When customers are becoming acquainted with GitClear, it's hard to build an instinct for what "normal" Diff Delta fluctuations are, and what sort of expectations should exist around data consistency over time? This article will describe the "life cycle" of Diff Delta: when it's initially evaluated, when it gets re-evaluated, and how it usually changes over time. Finally, if you find what you believe to be an anomaly in Diff Delta, we'll offer some tips to help get the issue investigated and resolved promptly.
Wherein we review how Diff Delta is initially evaluated, how it's propagated, and how it changes over time.
The Diff Delta factors page describes much of what GitClear evaluates when making a first-pass approximation at Diff Delta. The single biggest factor is the Diff Delta assigned is the age of the code being changed or replaced. Code that has been in the repo for years (possibly getting shuffled between files) requires the most cognitive energy to understand, so deleting and refactoring such code tends to earn a premium per line, all other factors being equal.
On the opposite end of the spectrum, code that is deleting or replacing lines that might have changed earlier today are what is usually known as "churn" code, and these lines are ascribed very little Diff Delta.
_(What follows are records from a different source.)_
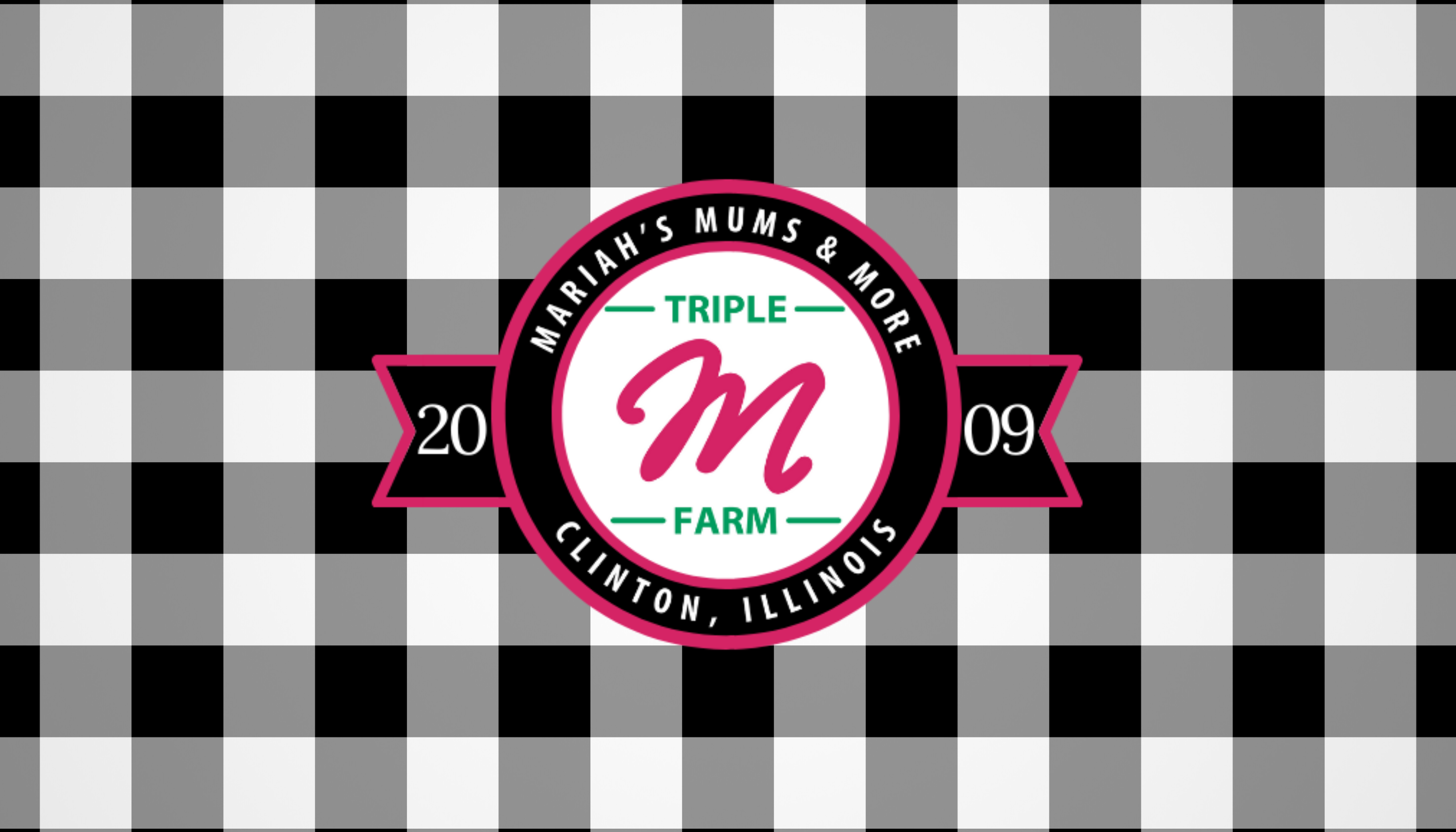Triple M Farm: Mariah's Mums & More | DeWitt County, Illinois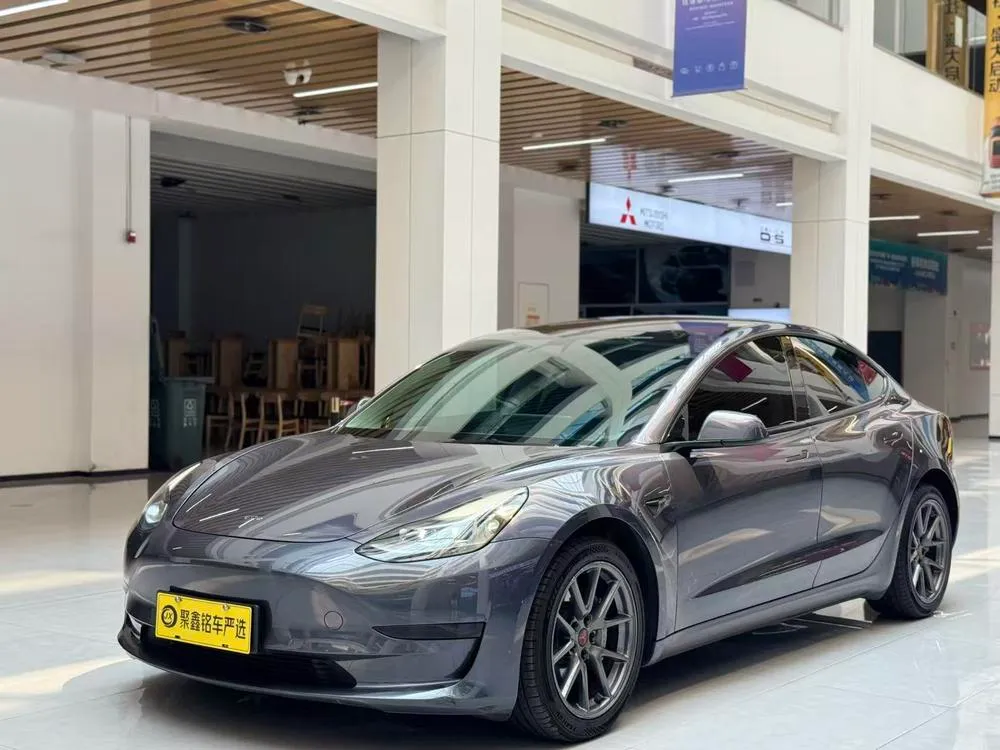 Tesla Model 3 Standard Range RWD Upgraded Edition, 2021 — фото 1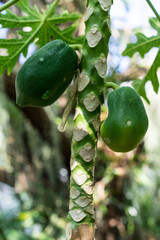 papaya tree with fruit, carica papaya caricaceae from mexico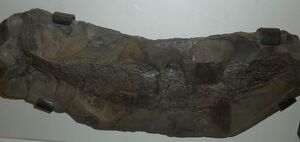 Cladoselache fyleri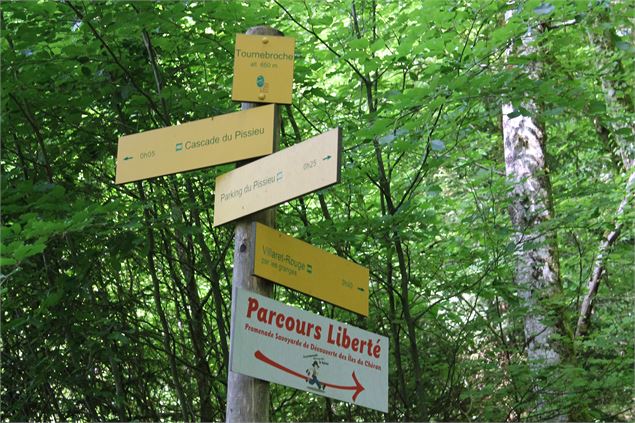 Boucle VTT de Lescheraines - Cascade du Pissieu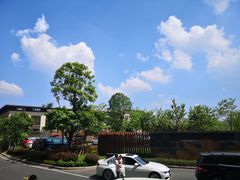 -美的鹭湖森林度假区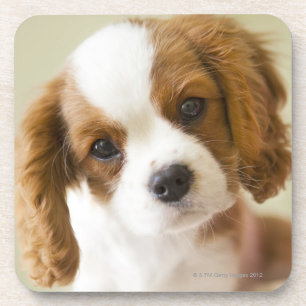 Posavasos Retrato de un perrito del perro de aguas de rey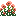 Salmon Poppy Bush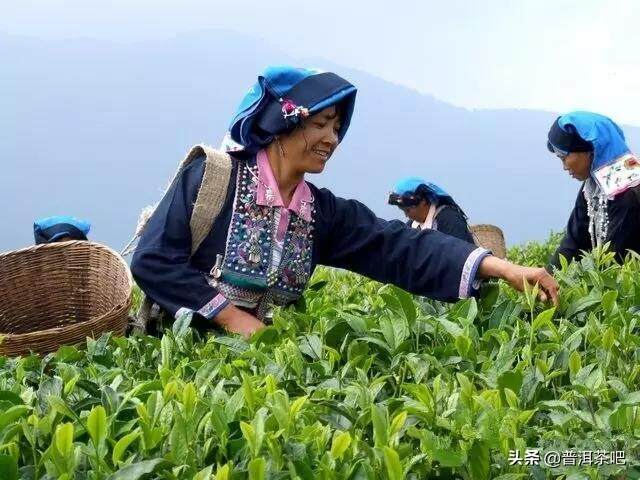 一个人喝茶，和心；两个人喝茶，和顺；一家人喝茶，和睦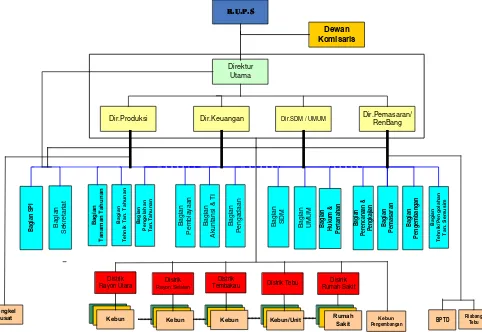 Gambar 2.2 Struktur Organisasi PT. Perkebunan Nusantara II 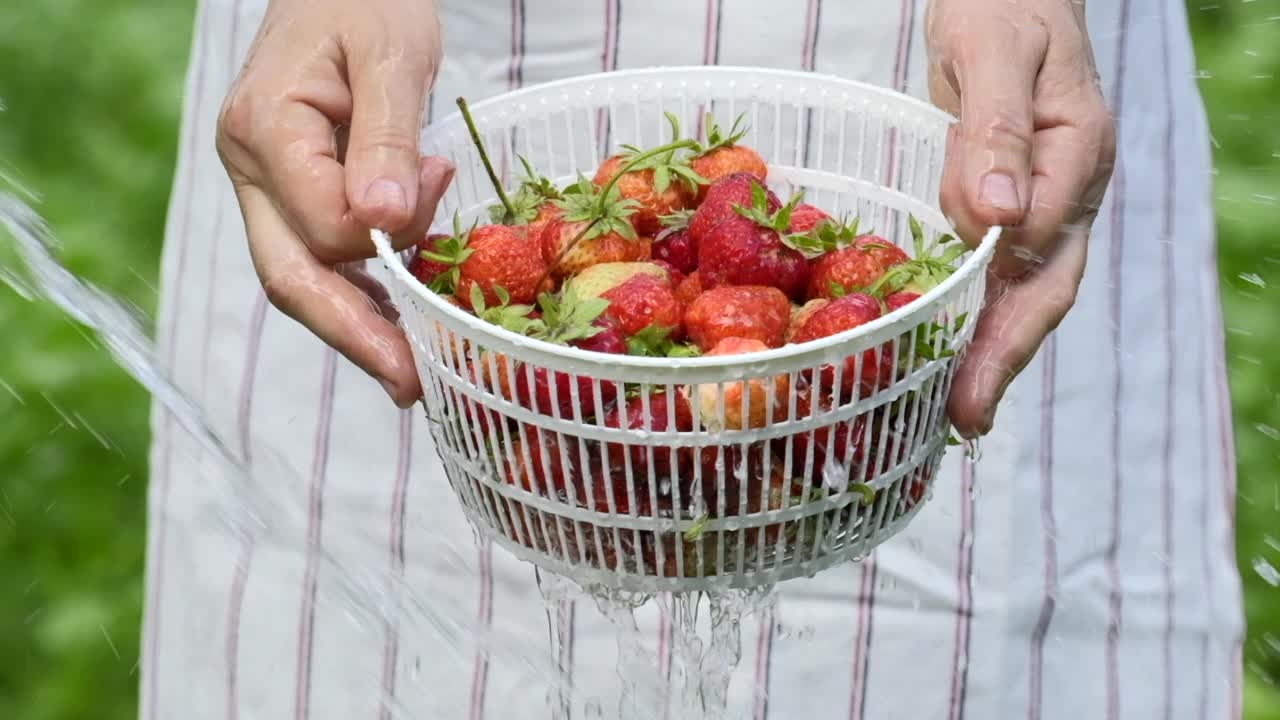 女人把草莓放在碗里。夏天在户外用慢动作把水倒在篮子里的新鲜草莓上。洗草莓水果。用流动的水冲洗有机草莓视频素材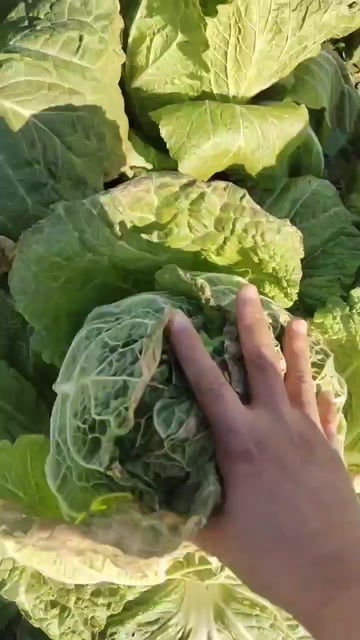 单县白菜
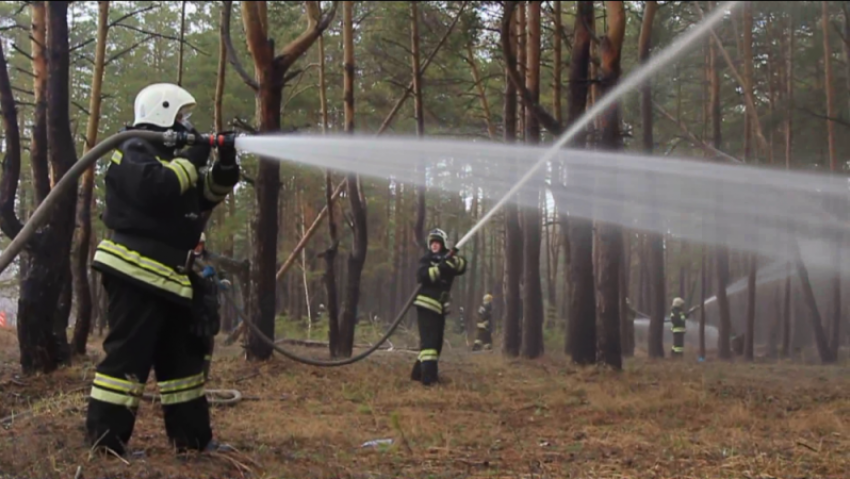 В Воронежской области готовятся к сезону лесных пожаров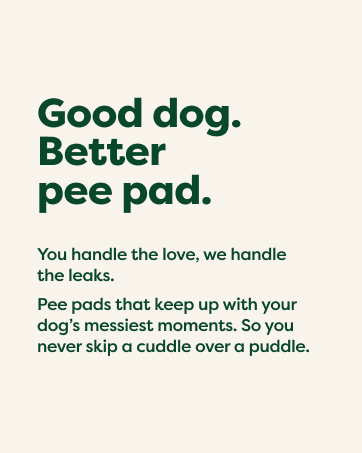 puppy pads, pee pads for dogs, dog pads, dog pee pads, pee pads, wee wee pads for dogs, potty pads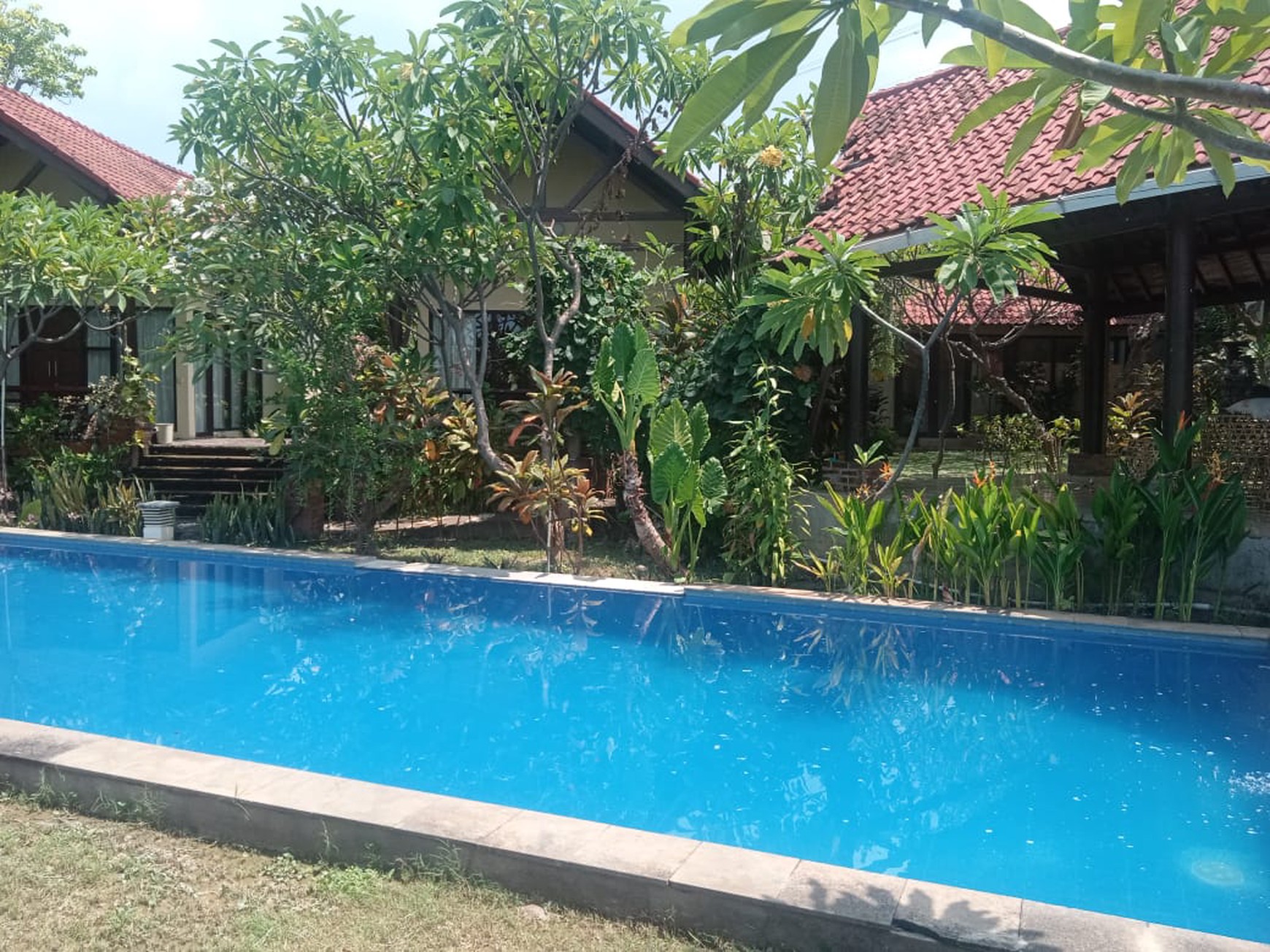 7 UNIT VILLA LOVINA DENGAN VIEW LAUT, DI TEMUKUS BALI, DEKAT KALIASEM, ANTURAN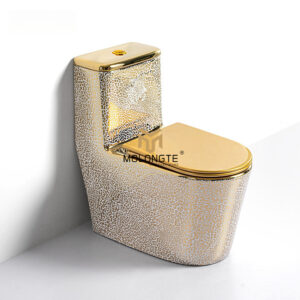 One Piece Toilet  A8105-B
But understanding how we handle "churned" code is the underpinning for building expectations around how Diff Delta will change after its initial evaluation.
It's common that, in the course of developing a PR, a developer might add, remove, or change a particular line across several commits. GitClear detects this common development pattern and "stretches" the work that ultimately got done across the commits. For example, if we follow a single line through an entire PR, the ultimate Diff Delta calculated might be "10 points for deleting an old line," and "10 points for replacing it with a totally new line of code" that took 6 commits to finalize. In this example, this single line from a file would get 20 Diff Delta ascribed, divided by 6 commits in which it was changed -- so, a little more than 3 Diff Delta per line change per commit.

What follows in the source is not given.